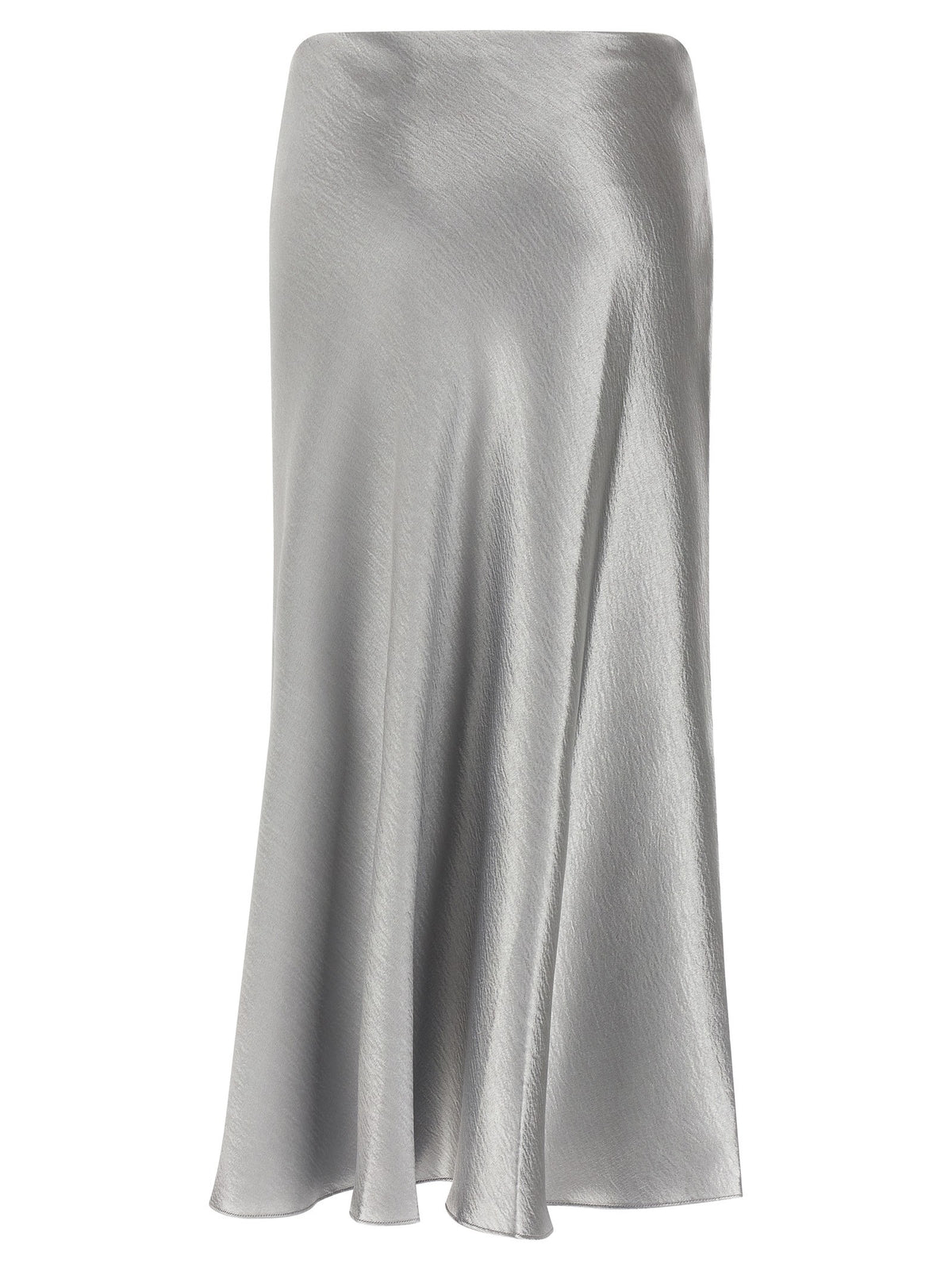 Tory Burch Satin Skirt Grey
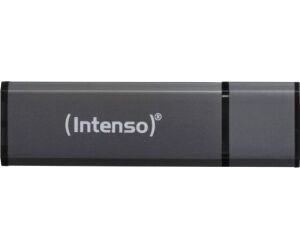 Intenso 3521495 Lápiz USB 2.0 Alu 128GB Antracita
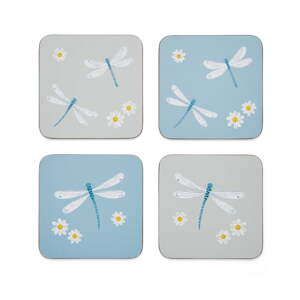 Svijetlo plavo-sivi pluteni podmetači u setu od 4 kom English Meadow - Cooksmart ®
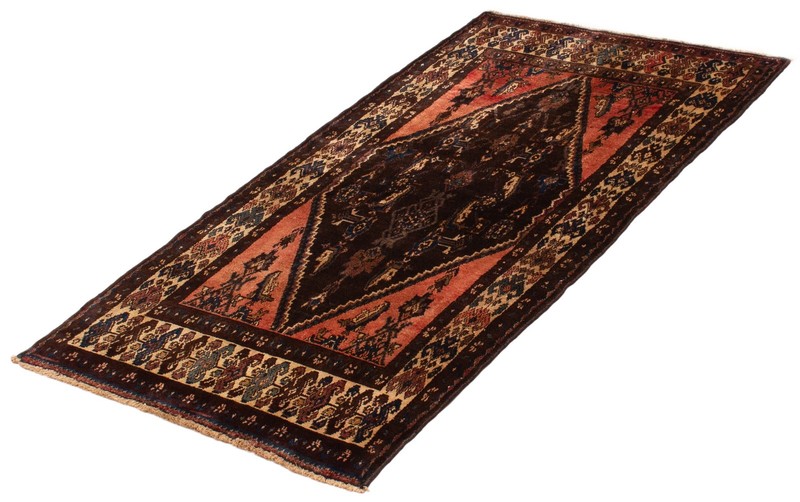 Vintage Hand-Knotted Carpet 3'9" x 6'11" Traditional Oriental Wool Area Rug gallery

WORK ITEM: Omit all pictures, and repeat exactly the lines from the line containing "Intenso 3521495 Lápiz" through the end of the data.

TASK ANSWER:
 Intenso 3521495 Lápiz USB 2.0 Alu 128GB Antracita
 Svijetlo plavo-sivi pluteni podmetači u setu od 4 kom English Meadow - Cooksmart ®
 Vintage Hand-Knotted Carpet 3'9" x 6'11" Traditional Oriental Wool Area Rug gallery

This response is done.